__Records supplied__
Segment Open

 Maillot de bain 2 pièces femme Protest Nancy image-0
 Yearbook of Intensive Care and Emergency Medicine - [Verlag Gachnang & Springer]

Segment Closed
Segment Open

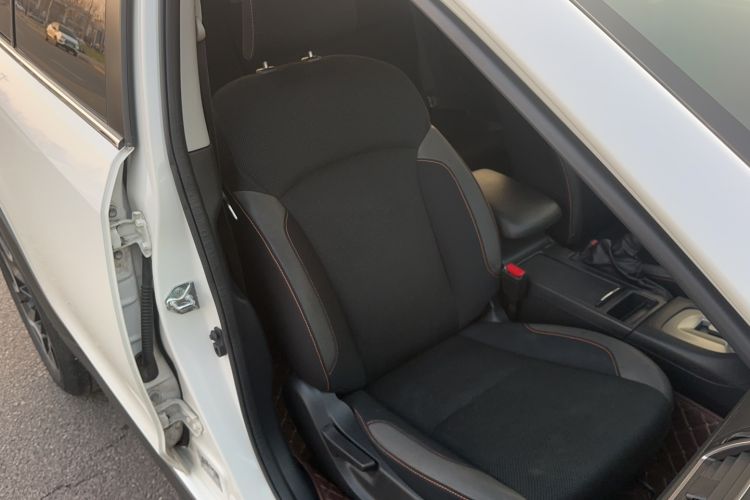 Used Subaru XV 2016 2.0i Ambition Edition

Segment Closed
Segment Open

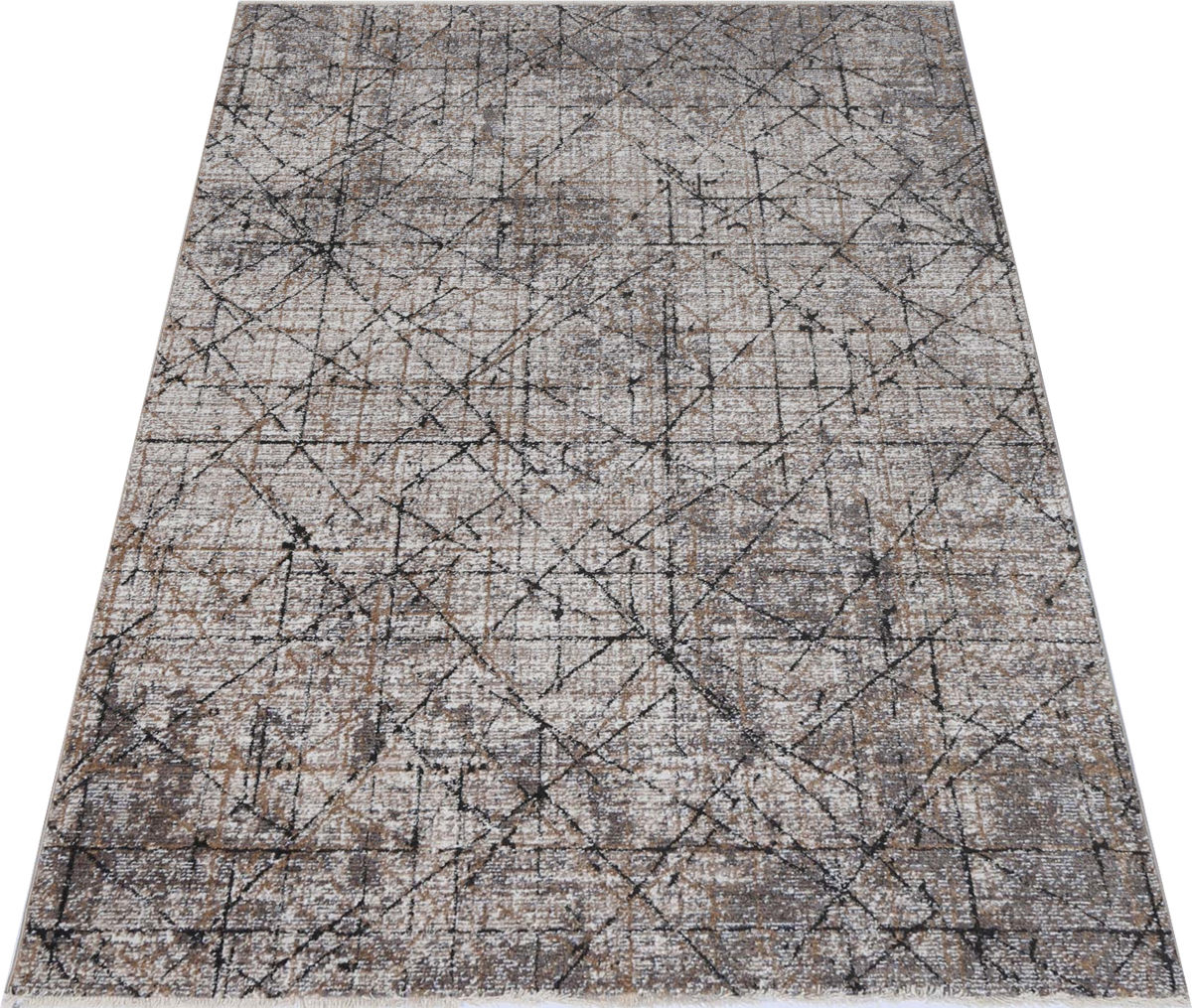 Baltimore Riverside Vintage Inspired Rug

Segment Closed

__Action item__
Look above for the line holding "Maillot de bain". Print it and every line after it, exactly, through the line holding "Yearbook of Intensive".

__Solution below__
 Maillot de bain 2 pièces femme Protest Nancy image-0
 Yearbook of Intensive Care and Emergency Medicine - [Verlag Gachnang & Springer]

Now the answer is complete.